Gario
#17
-Selim, tu m'écoutes ?

La voix de Camilla, empreinte de reproches, rompit le cours de ses pensées. Tressaillant en reprenant brutalement contact avec la réalité, Selim détourna prestement le regard de l'horizon, où la courbe d'une dune s'entremêlait avec celles de Julanr. Clignant plusieurs fois des yeux, comme pour dissiper la rêverie qui l'avait emporté ailleurs, bien loin d'ici, il revient à la situation présente, pour ne pas dire désespérée. Camilla venait d'achever la lecture du message de Cundonya, lecture qui instillait des sentiments mitigés au sein du cercle de l'Invictus. Et comme bien souvent, c'était à lui, en tant que porte-parole de son petit groupe, d'adjoindre des mots aux sentiments. Précédant son propos d'un soupir vaguement désabusé, il prend la parole :

-Râpeuse est la plume maniée par la main qui a brandi l'épée. Dans les déliés de ces mots tracés d'une encre ensanglantée, je lis l'arrogance tyrannique de celui qui se croit être le plus fort, et pense l'avoir d'ores et déjà emporté. Sans compter que l'ensemble est nimbé du fétide relent des fallacieuses justifications de quelqu'un qui n'a manifestement pas la force morale d'assumer les actes qu'il a commis.

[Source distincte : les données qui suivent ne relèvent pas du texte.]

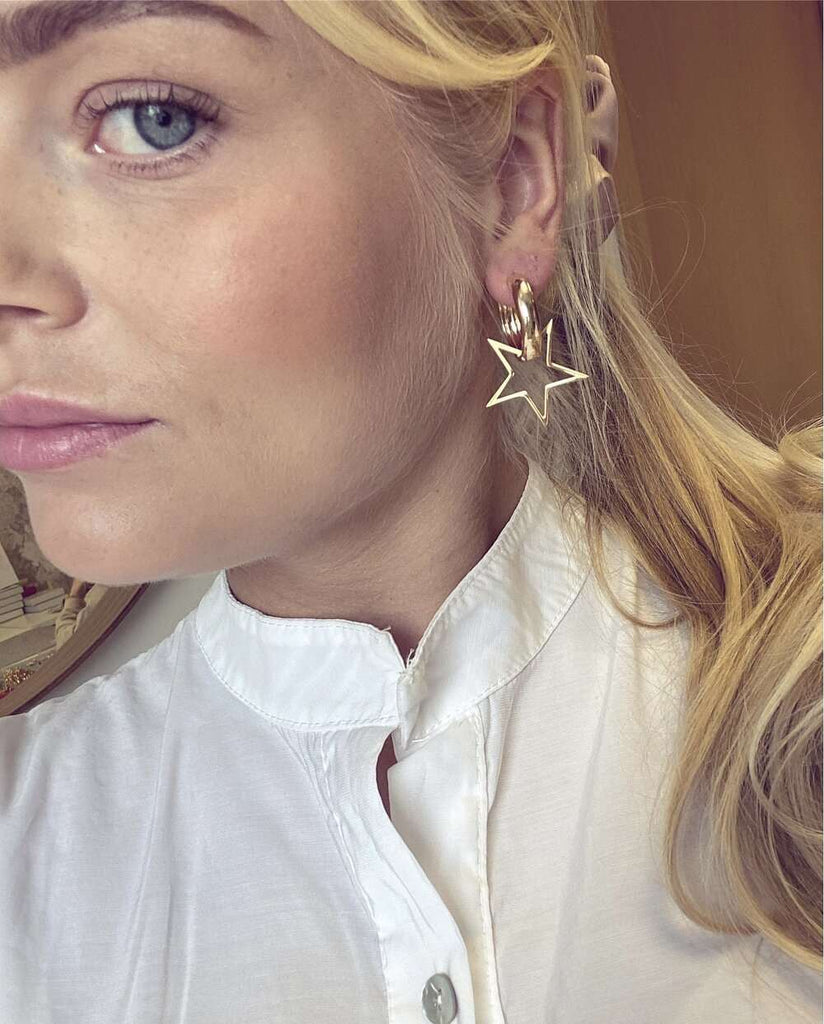 Earrings with a bigger star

Saisissant du bout des doigts le parchemin, il le replie avec circonspection, comme s'il manipulait un objet souillé. Puis il le tend à Radoin, en reprenant avec une ironie encore plus mordante :

-En repassant par Babylios, aie l'obligeance de transmettre ceci à une quelconque autorité, qui saura bien mieux que nous quoi en faire. Après tout, nous ne sommes que d'insignifiants compagnons d'errance, et ne sommes rien comparé à tous ces sages et nobles dirigeants qui nous gouvernent, qui eux sont tant. Loin de nous l'idée de nous immiscer dans les jeux diplomatiques de nos supérieurs !

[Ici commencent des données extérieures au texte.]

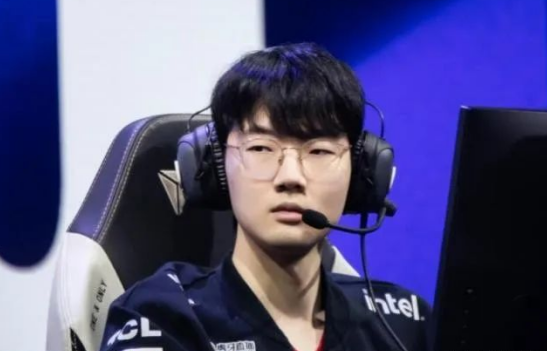 EDG新人AD太自大，拿自己和JKL对比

Il reçut un "Squick !" affirmatif en guise de réponse, puis il poursuivit, en balayant d'un regard équivoque chacun de ceux qui étaient là.

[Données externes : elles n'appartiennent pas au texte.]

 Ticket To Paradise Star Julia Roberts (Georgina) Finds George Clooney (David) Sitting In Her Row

-Ceci étant dit, reste à savoir quoi faire à présent. J'ignore ce qu'il en est pour vous, camarades d'infortune, mais en ce qui me concerne, rien ne m'exalte davantage que la perspective d'aller à une mort certaine en une vaine tentative de jeter à bas de leurs piédestaux tous ces conquérants qui nous toisent depuis l'empyrée, auréolés de leur gloire impavide. Et bien que je me gausse des péjoratives épithètes dont on m'affuble d'ordinaire, je n'aimerais pas pour autant les déposséder de celle d'hypocrites. Aussi, je vous propose une réponse des plus circonstanciées pour ceux qui manient le verbe comme on manie une lame : l'éloquence sincère de l'acier.

Joignant le geste à la parole, il dégaine son cimeterre, avant de désigner de l'index la silhouette trapue de Gario qui ornait l'horizon.